Each line below needs to be returned exactly. Skip any picture.

--- INFORMATION SHOWN ---

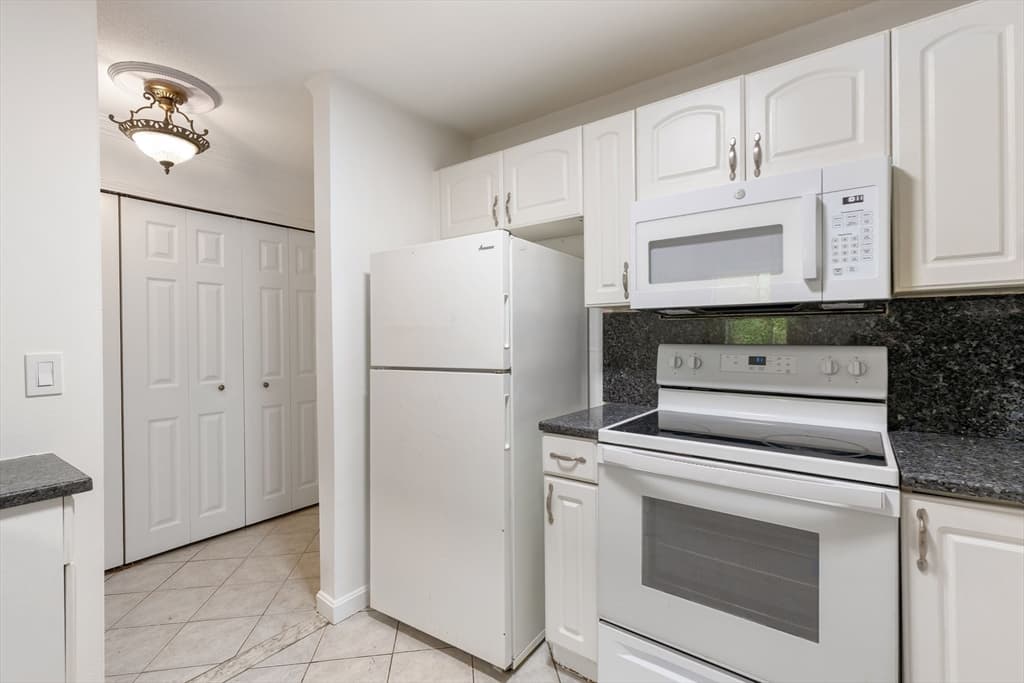 Condominium at 17 Weld St # 11, Framingham MA 01702, photo 6 of 17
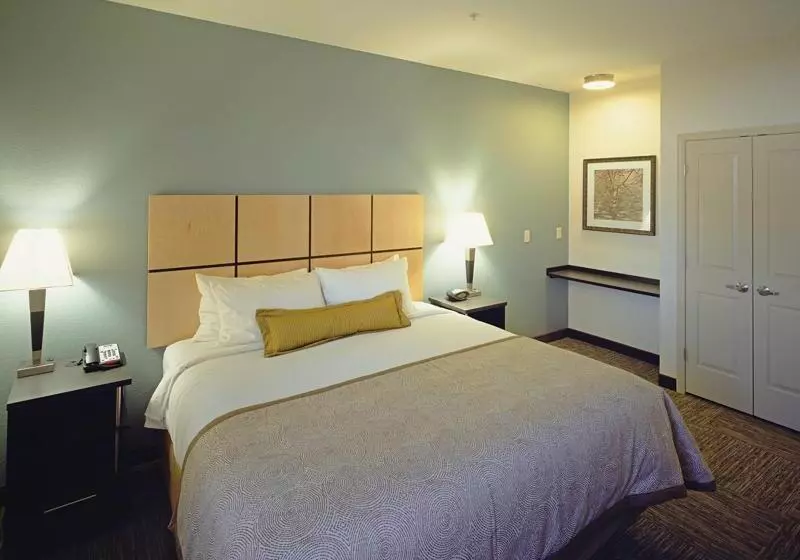 キングサイズベッドのスイートルーム, Candlewood Suites Fort Collins, An Ihg
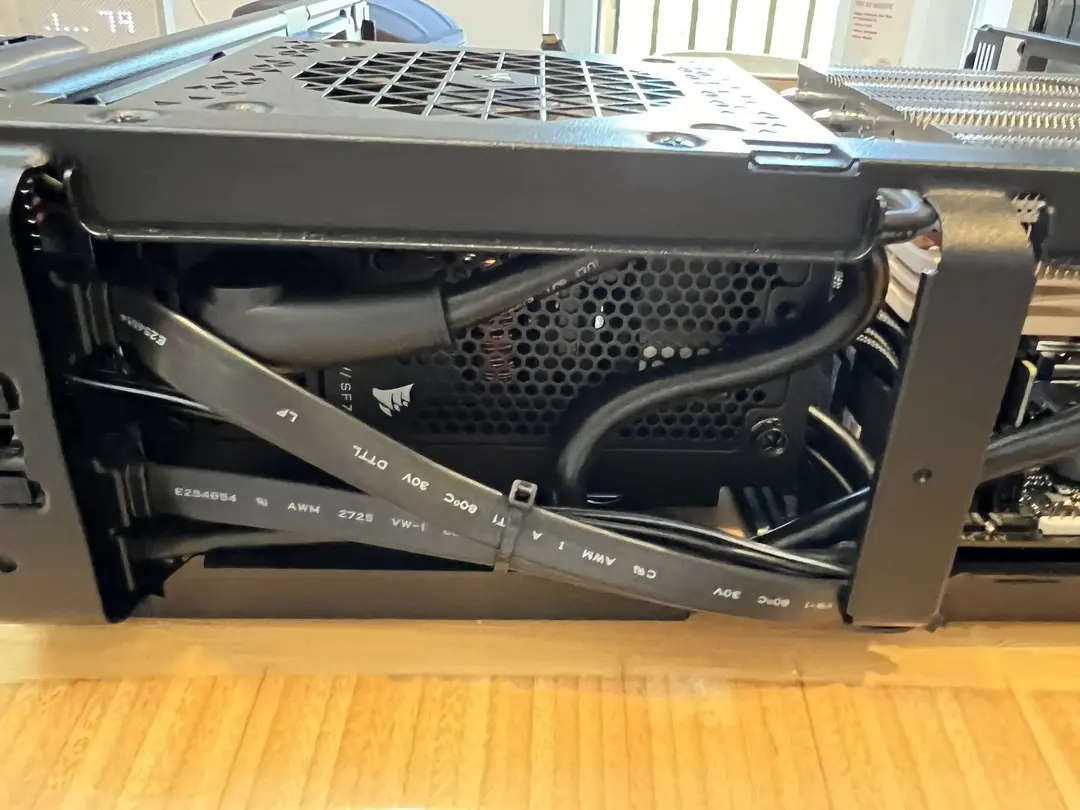 case-bottom-psu-routing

---

## TASK RESULT
 Condominium at 17 Weld St # 11, Framingham MA 01702, photo 6 of 17
 キングサイズベッドのスイートルーム, Candlewood Suites Fort Collins, An Ihg
 case-bottom-psu-routing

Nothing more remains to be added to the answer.